Les entreprises d’intelligence artificielle ne jouent pas franc jeu

Dorénavant, les plus grands chercheurs en IA ne se trouvent plus dans les académies où on soumet leur travail à l’examen de pairs, explique Gary Marcus. Les plus grandes équipes de spécialistes en intelligence artificielle sont maintenant dans les entreprises.

Contrairement aux universités, les entreprises n’ont aucune incitation à jouer franc jeu. Leurs nouveaux articles ne sont pas soumis à un examen académique attentif. Ces entreprises ont opté pour la publication de communiqués de presse attractifs pour les journalistes qui omettent l’examen des pairs.

Dans l’industrie du logiciel, ce type de stratégie a un nom : demoware. Un demoware est un logiciel dont la conception est bonne pour une démo, mais pas pour le monde réel. La plupart du temps, ces démowares se convertissent en vaporwares, des produits informatiques qui servent à décourager les concurrents mais dont la date de sortie est chaque fois repoussée.

Les investissements consacrés à l’IA pourraient se tarir

Trop de produits automatisés ont fait l’objet de démos, de publicités et n’ont finalement jamais été commercialisés. Pour le moment, les investissements continuent.

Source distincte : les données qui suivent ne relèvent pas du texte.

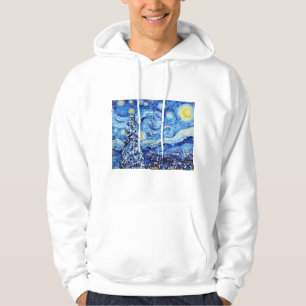 Van Gogh Starry Night - White Christmas Tree Hoodie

Toutefois, si on ne résout pas ces problèmes fondamentaux de fiabilité, les investissements dans des produits d’IA pourraient se tarir.

Marcus précise que nous nous retrouverons alors avec de puissantes deepfakes, avec d’amples réseaux émettant des volumes importants de carbone et avec de solides évolutions en matière de traduction automatique, de reconnaissance vocale et de reconnaissance d’objets mais avec peu de choses à montrer dans ce contexte de battage médiatique prématuré.

Les trois défauts majeurs de l’apprentissage automatique

L’apprentissage en profondeur a pu améliorer les performances des machines en ce qui concerne la reconnaissance des modèles dans les données. Toutefois, l’apprentissage automatique présente trois défauts majeurs :

  • Les schémas appris sont superficiels et non conceptuels
  • L’interprétation des résultats créés est difficile
  • L’utilisation des résultats est compliquée dans le contexte d’autres processus comme la mémoire et le raisonnement

Pour le moment, nous nous trouvons piégés dans une phase de « minimum local ». Dans cette phase, les entreprises sont à la recherche de repères plutôt que d’idées fondamentales.  Elles apportent des solutions minimes au moyen des technologies dont elles sont déjà en possession, au lieu de se poser des questions plus fondamentales.

Gary Marcus estime qu’au lieu de s’intéresser aux démonstrations spectaculaires d’IA publiées dans les médias, davantage de personnes soivent se poser les questions essentielles sur la manière de concevoir des systèmes d’intelligence artificielle capables d’apprentissage et de raisonnement simultanés. C’est la raison pour laquelle la recherche fondamentale en IA reste cruciale, conclut-il.